PROBLEM DETAILS
Extract the text of each entry below exactly, leaving every image behind.

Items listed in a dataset
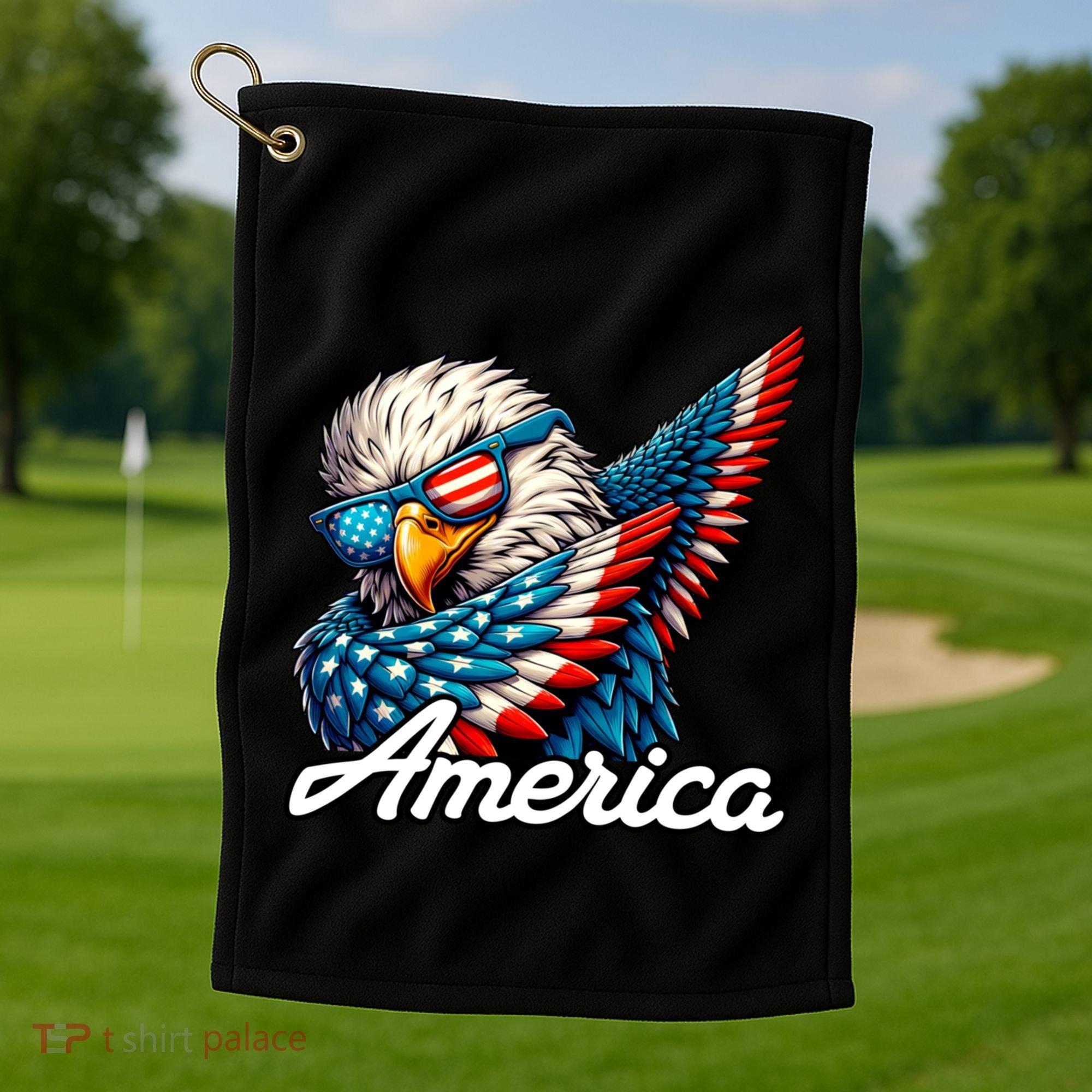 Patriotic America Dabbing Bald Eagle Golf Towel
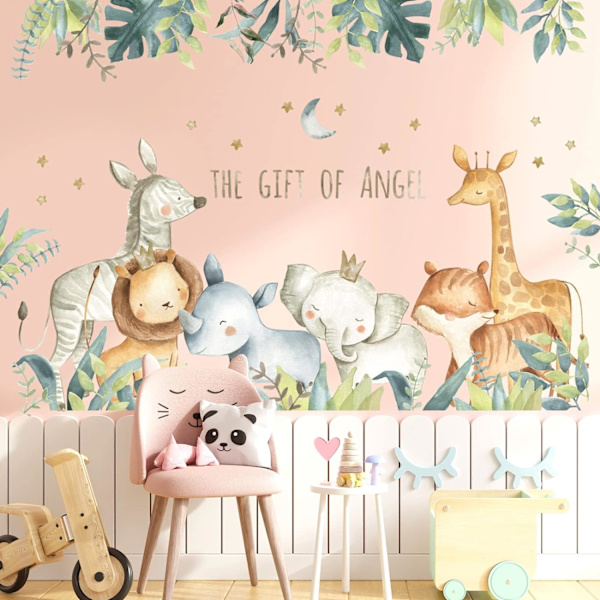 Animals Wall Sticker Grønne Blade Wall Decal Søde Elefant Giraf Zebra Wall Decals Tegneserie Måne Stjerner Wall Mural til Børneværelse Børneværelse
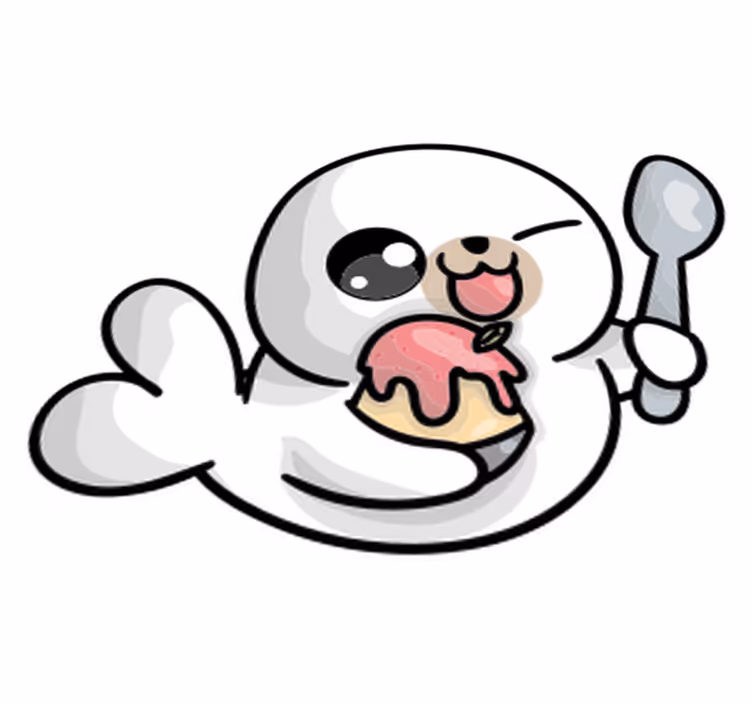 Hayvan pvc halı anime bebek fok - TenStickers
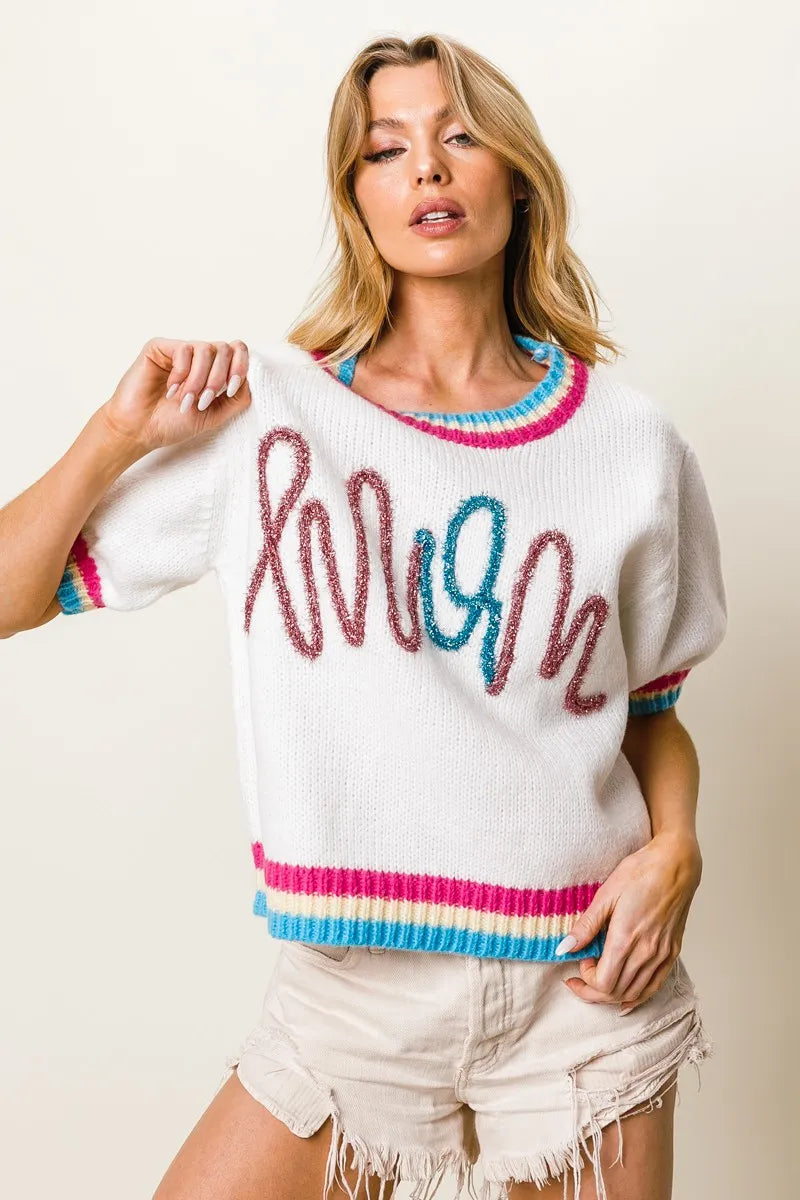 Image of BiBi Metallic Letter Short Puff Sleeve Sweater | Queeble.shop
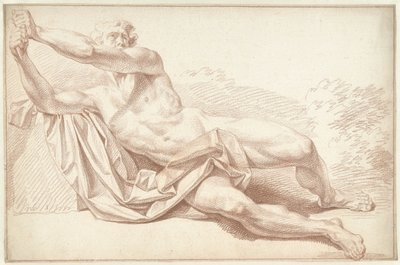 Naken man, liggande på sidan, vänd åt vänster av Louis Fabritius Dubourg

WRITTEN RESPONSE
 Patriotic America Dabbing Bald Eagle Golf Towel
 Animals Wall Sticker Grønne Blade Wall Decal Søde Elefant Giraf Zebra Wall Decals Tegneserie Måne Stjerner Wall Mural til Børneværelse Børneværelse
 Hayvan pvc halı anime bebek fok - TenStickers
 Image of BiBi Metallic Letter Short Puff Sleeve Sweater | Queeble.shop
 Naken man, liggande på sidan, vänd åt vänster av Louis Fabritius Dubourg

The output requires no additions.